At page 69,chapter 3.4 in Görtz & Wedhorn 's "Algebraic Geometry 1" book, there is the following text:
Let $X$ be a scheme. Let $x \in X$, and let $U \subset X$ be an affine open neighborhood of x, say $U = \operatorname{Spec}A$. Denote by $p \in \operatorname{Spec}A$ the prime ideal of $A$ corresponding to $x$. Then $\mathscr O_{X,x} =\mathscr O_{U,x} = A_p$, and the natural homomorphism $A \rightarrow A_p$ gives us a morphism of scheme
$j_x :\operatorname{Spec} \mathscr O_{X,x} = \operatorname{Spec} A_p \rightarrow \operatorname{Spec}A = U \subset X$
By Proposition $3.2(2)$ this morphism is independent of the choice of $U$.
Proposition $3.2(2)$: Let $X$ be a scheme. The affine open subschemes are a basis of the topology.

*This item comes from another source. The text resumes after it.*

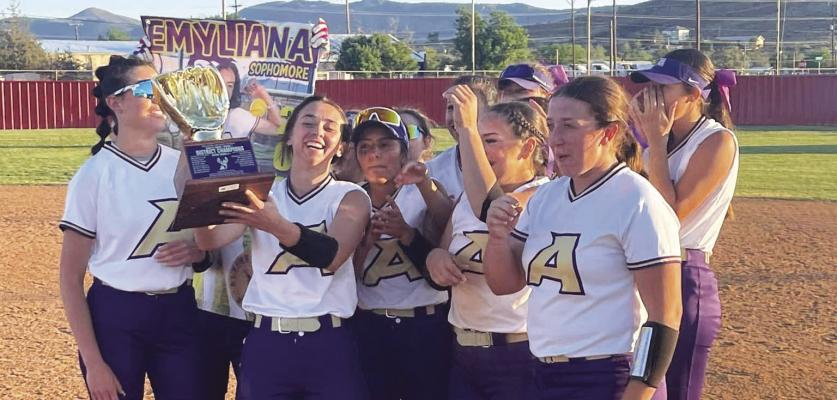 The Alpine Lady Bucks celebrate their district championship win together on Monday. The Lady Bucks won 14-4 against the Kermit Yellow Jackets during their final home district game and Senior Night. Courtesy photo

I just don't understand why $j_x$ is independent of the choice of $U$... Let's choose a different $U' \subset A$, then the $j'_x$ with respect to $U'$ is on longer the same as the original $j_x$ since they have a different codomain!(Although the domains are the same.)
My question is: In what sense does $j_x$ consider themselves the same?
Let $U = \operatorname{Spec}(A), V = \operatorname{Spec}(B)$ be affine neighbourhoods of $x$ with $x$ corresponding to primes $\mathfrak{p}, \mathfrak{q}$ in $A, B$ respectively. The map $A\to A_{\mathfrak{p}}$ is essentially the map from the sections on $U$ to the stalk, i.e., sending a section $s$ to the associated germ $(U, s)$.
Let $\operatorname{Spec}(A_f)$ be an affine neighbourhood of $x$ in $U\cap V$ (note here that $A_f$ is inverting $f\in A$). The inclusion $\operatorname{Spec}(A_f)\hookrightarrow V$ induces a map (of rings) $B\to A_f$.
Because everything glues well(the following goes back and forth between the locally ringed structure on $X$ and the affine schemes $U, V$), the following square commutes (the simpler case is when $U = V$)
$$\require{AMScd} \begin{CD} B @>>> A_f\\ @VVV @VVV \\ B_{\mathfrak{q}} @= A_{\mathfrak{p}} \end{CD}$$ (where the equality is an isomorphism through a hidden $\mathcal{O}_{X, x}$). To see that it commutes you have to go from $B$ to the sections over $V$, restrict to the sections over $\operatorname{Spec}(A_f)$ etc.
Now, because it commutes, the map $\operatorname{Spec}(\mathcal{O}_{X, x})\to \operatorname{Spec}(B)$ factors through $\operatorname{Spec}(A_f)$. Similarly, the one to $\operatorname{Spec}(A)$ factors through this same map.
So, if you take a prime in $\mathcal{O}_{X, x}$ it maps to a point in $U$ and one in $V$ and both of these are the same element living in the intersection.
When you include the codomain open sets in $X$, what this says is that the maps $\operatorname{Spec}(\mathcal{O}_{X, x})\to X$, induced as above, factor through every (affine) open neighbourhood of $x$ and is independent of the choice of such a neighbourhood (because given two neighbourhoods, it factors through an even smaller neighbourhood). Intuitively, the points of $\operatorname{Spec}(\mathcal{O}_{X, x})$ are points in every neighbourhood of $x$ and in the affine case, they are primes "below" $\mathfrak{p}$.